## AIM OF THE TASK
Copy out the entries that come next, exactly.

[Opening PROVIDED DATA section]

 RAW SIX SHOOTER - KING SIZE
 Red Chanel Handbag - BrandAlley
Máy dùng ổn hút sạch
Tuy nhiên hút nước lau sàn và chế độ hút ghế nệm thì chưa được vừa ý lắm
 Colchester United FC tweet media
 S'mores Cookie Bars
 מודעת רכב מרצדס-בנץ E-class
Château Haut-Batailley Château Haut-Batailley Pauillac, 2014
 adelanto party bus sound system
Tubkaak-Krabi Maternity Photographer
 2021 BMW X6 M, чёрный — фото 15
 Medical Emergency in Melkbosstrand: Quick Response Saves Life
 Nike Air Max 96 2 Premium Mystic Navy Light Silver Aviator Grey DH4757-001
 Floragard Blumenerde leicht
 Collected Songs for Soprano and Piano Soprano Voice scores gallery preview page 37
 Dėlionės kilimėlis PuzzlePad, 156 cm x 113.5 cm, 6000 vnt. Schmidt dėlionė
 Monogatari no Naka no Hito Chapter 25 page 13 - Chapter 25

[Closing PROVIDED DATA section]

## RESULT
 RAW SIX SHOOTER - KING SIZE
 Red Chanel Handbag - BrandAlley
Máy dùng ổn hút sạch
Tuy nhiên hút nước lau sàn và chế độ hút ghế nệm thì chưa được vừa ý lắm
 Colchester United FC tweet media
 S'mores Cookie Bars
 מודעת רכב מרצדס-בנץ E-class
Château Haut-Batailley Château Haut-Batailley Pauillac, 2014
 adelanto party bus sound system
Tubkaak-Krabi Maternity Photographer
 2021 BMW X6 M, чёрный — фото 15
 Medical Emergency in Melkbosstrand: Quick Response Saves Life
 Nike Air Max 96 2 Premium Mystic Navy Light Silver Aviator Grey DH4757-001
 Floragard Blumenerde leicht
 Collected Songs for Soprano and Piano Soprano Voice scores gallery preview page 37
 Dėlionės kilimėlis PuzzlePad, 156 cm x 113.5 cm, 6000 vnt. Schmidt dėlionė
 Monogatari no Naka no Hito Chapter 25 page 13 - Chapter 25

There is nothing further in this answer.